Es geçilmemesi gereken iki durum var. Birincisi; Çalışkan Ailesi’nin durumu. Rahmetli Süleyman Çalışkan’ın canıyla ve malıyla Milli Görüş'e ömrünün son anına kadar hizmet ettiğini herkes bilir. Bu yüzden Çalışkan ailesinin kimi destekleyeceği önemli.
İkinci önemli husus ise ilçe başkanlarının kimi destekleyeceği. Açıkçası Musa Ahmet Kaya da Çelebi Keyhıdır da bu konuda iddialı.
Bazı ilçe başkanları bu konudaki tercihlerini açık bir şekilde yazmasa da net bir şekilde belli etti. Saadet Partisi'nde yaşanan değişim/dönüşümün hangi boyuta ulaşacağını kestirmek güç ancak Milli Görüş tarihindeki önemli dönemlerden birisine şahitlik ettiğimiz de malum.
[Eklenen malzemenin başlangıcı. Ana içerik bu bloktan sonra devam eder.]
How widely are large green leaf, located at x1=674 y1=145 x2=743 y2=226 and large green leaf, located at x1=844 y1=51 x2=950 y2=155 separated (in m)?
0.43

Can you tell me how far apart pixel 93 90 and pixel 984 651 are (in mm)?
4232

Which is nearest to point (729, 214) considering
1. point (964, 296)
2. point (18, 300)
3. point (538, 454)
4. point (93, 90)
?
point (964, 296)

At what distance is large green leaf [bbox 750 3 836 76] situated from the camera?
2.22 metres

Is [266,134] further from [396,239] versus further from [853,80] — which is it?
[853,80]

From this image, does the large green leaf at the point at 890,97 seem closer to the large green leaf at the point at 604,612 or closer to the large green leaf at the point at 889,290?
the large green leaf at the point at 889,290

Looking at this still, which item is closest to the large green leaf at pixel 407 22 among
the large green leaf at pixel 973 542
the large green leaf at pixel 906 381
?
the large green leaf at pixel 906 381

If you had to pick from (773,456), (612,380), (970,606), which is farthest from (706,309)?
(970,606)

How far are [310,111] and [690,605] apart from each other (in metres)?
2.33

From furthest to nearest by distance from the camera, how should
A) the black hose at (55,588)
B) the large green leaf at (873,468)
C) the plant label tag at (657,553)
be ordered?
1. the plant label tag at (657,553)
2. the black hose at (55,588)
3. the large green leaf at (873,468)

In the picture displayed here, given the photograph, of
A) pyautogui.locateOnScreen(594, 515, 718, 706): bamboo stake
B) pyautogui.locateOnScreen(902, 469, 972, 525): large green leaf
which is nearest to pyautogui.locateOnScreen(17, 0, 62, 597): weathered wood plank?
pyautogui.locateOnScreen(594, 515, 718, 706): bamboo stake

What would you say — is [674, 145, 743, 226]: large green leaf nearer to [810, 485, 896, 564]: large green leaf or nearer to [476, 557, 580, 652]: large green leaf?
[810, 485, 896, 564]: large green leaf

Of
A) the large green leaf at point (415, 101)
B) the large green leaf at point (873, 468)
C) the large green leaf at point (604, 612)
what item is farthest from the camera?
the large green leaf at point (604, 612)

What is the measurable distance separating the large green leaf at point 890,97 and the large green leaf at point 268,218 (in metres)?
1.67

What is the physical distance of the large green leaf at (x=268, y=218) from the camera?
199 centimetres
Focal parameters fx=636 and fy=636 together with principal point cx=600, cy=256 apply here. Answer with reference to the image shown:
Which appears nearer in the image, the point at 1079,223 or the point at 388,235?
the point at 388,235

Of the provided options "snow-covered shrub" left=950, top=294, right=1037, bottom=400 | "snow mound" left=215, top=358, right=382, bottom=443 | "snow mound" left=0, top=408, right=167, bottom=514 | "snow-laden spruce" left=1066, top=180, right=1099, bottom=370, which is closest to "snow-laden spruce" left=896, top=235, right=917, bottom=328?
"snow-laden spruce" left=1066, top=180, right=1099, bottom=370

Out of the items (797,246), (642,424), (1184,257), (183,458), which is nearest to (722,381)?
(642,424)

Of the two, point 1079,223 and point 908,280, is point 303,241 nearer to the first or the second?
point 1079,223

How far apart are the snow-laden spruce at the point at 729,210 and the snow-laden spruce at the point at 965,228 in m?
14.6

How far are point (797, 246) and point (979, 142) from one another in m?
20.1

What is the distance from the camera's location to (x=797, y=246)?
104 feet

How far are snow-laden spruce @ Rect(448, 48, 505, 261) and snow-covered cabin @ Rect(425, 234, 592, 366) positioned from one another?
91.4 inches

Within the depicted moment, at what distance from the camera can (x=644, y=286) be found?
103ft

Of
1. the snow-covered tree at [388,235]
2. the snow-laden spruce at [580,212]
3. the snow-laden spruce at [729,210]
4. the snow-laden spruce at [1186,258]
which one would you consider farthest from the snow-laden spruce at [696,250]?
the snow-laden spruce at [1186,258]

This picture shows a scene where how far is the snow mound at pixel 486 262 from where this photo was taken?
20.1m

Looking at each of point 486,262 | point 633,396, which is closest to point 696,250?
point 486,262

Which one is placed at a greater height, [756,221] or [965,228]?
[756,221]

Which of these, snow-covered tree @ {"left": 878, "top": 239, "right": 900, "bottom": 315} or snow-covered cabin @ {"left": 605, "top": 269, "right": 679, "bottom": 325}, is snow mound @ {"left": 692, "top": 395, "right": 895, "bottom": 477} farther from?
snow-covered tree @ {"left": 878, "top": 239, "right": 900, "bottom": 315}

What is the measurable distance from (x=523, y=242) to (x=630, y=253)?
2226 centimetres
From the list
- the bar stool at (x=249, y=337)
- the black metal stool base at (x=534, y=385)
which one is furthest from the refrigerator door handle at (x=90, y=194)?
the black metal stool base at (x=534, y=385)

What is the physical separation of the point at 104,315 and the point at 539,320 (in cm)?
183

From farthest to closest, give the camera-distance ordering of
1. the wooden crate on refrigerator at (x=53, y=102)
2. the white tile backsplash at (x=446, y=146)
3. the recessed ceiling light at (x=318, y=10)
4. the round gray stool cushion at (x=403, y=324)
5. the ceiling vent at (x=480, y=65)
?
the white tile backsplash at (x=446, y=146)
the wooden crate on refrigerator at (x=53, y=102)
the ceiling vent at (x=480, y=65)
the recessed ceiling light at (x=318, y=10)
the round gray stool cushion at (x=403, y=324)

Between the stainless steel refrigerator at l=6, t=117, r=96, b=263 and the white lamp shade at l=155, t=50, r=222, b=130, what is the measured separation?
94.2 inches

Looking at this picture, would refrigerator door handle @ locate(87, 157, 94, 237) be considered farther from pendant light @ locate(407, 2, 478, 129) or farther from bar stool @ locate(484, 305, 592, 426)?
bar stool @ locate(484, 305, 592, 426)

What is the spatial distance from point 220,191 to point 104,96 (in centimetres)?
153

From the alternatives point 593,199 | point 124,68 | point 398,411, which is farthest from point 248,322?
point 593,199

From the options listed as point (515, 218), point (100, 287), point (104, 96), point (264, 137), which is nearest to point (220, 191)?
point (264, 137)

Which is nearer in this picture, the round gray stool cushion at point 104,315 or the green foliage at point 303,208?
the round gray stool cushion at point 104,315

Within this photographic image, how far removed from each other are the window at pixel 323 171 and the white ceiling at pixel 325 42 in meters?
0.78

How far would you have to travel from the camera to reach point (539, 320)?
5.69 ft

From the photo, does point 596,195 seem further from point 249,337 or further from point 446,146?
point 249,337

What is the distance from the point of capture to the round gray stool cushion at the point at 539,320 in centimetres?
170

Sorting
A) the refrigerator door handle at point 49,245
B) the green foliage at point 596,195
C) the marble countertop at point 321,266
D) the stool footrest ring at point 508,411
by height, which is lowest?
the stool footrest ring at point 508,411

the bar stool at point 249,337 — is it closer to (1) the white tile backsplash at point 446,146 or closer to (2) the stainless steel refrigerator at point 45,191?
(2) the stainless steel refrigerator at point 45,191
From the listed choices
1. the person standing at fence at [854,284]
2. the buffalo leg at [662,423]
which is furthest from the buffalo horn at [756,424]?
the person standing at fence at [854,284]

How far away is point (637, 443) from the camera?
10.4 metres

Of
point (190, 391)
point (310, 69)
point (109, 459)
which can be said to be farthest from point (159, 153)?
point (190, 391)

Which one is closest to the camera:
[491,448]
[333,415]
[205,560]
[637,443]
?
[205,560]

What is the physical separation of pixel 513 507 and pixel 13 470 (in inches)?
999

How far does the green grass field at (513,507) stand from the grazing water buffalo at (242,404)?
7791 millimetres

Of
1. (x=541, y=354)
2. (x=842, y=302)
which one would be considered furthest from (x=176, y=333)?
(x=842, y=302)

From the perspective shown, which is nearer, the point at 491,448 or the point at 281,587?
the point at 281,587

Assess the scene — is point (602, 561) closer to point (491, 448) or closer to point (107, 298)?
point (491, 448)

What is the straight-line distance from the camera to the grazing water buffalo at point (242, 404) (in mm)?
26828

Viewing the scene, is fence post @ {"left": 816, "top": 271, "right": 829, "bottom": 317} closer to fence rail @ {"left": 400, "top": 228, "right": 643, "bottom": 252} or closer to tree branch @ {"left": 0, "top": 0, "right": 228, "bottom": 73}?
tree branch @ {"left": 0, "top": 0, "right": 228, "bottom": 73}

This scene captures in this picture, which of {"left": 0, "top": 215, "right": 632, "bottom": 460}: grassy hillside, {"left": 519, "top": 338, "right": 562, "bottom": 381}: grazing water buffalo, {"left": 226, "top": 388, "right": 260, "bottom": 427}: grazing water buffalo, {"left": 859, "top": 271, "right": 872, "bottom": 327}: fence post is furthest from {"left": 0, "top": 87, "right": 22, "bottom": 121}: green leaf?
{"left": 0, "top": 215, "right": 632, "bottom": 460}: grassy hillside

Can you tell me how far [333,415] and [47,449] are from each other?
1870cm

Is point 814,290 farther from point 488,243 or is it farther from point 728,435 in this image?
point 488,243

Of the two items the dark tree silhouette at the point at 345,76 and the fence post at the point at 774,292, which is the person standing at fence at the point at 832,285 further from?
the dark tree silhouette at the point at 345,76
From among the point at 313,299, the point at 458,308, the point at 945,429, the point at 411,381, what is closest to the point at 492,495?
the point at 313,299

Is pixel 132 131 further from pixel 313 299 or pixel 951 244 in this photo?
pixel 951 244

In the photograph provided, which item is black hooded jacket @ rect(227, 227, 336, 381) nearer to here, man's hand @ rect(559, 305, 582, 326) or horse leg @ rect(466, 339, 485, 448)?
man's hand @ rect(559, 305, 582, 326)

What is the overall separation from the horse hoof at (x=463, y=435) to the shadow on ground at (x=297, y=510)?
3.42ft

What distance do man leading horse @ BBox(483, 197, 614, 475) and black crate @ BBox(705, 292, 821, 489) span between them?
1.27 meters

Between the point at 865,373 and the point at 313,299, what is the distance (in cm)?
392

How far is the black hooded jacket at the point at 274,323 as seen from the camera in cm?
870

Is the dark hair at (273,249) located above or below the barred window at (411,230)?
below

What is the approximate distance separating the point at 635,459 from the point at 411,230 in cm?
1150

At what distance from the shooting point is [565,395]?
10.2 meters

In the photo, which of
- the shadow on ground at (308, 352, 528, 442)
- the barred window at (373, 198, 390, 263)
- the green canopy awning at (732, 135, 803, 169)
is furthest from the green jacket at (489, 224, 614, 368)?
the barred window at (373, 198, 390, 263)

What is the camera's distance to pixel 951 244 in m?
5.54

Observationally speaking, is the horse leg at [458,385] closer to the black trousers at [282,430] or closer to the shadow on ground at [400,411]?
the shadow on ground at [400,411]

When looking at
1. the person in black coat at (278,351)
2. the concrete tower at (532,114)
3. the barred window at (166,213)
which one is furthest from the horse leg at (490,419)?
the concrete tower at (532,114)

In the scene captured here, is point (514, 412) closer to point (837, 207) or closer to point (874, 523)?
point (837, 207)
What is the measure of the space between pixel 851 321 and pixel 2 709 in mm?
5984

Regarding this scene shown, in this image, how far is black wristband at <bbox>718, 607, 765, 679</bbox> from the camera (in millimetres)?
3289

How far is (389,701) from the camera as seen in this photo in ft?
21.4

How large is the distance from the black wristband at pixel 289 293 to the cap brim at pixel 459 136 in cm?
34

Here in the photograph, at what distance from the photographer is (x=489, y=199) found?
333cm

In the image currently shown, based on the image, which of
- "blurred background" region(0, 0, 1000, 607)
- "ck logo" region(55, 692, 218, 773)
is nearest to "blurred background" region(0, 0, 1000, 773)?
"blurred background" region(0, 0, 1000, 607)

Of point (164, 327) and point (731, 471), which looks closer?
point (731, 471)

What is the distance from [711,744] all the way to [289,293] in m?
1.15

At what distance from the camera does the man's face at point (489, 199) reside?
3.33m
Bugünler bana yaklaşık 20 yıl öncesini, Recep Tayyip Erdoğan ve arkadaşlarının 'Yenilikçiler' adıyla Fazilet Partisi içerisindeki mücadelesinin yaşandığı günleri hatırlattı. Onlar partide değişim istiyordu. Partinin gelenekçi kanadı ise buna gerek olmadığını söylüyordu. Erdoğan ve arkadaşlarının (yenilikçilerin) adayı Abdullah Gül kongrede Necmettin Erbakan’ın (gelenekçilerin) adayı Recai Kutan’a karşı kaybedince Fazilet Partisi’nden ayrılmış ve Ak Parti’yi kurmuşlardı.
Şimdi de tarih (sanki tersten) tekerrür ediyor. Bu kez Genel Merkez değişmek istiyor. Yıllarca Milli Görüş'e hizmet etmiş bir gurup ise adeta; "Biz kendi kozamızda kalacağız" diyerek Genel Merkez'e direniyor.
Değişim isteyenler mi yoksa öze dönüşü savunanlar mı kazanacak bilmiyorum ama Saadet Partisi'nin diğer illerdeki seçimlerine de emsal olacak bir kongre yaşanacak bugün. Genel Merkez'in adayı Ahmet Musa Kaya kazanırsa diğer iller de Genel Merkez’in adaylarına sahip çıkacak Çelebi Keyhıdır kazanırsa birçok ildeki gelenekçilere ümit ışığı olacak ve illerde, ilçelerde iki belki üç listeli kongreler yaşanacak.
Saadet Partisi’nin geleceğini Adana İl Kongresi belirleyecek yazmak yanlış olmaz sanırım.
Pekiyi 2018 yılındaki son genel seçimlerde yüzde 1,3 oy alan 2019’daki son yerel seçimlerde Adana’da 1,9 oy alan Saadet Partisi'nin Adana İl Kongresi neden bu kadar önemli?
Başta da yazdım ya; Saadet Partisi oy oranı bakımından beklenen düzeyin altında ama özgül ağırlığı çok yüksek bir parti. Şu da bir gerçek ki Ak Parti iktidardan düşse bile Türkiye’yi yine muhafazakâr bir ismin liderliğindeki kadrolar yönetecek. Bu kadrolar belki de yine Saadet Partisi'nden çıkar. Olmaz mı?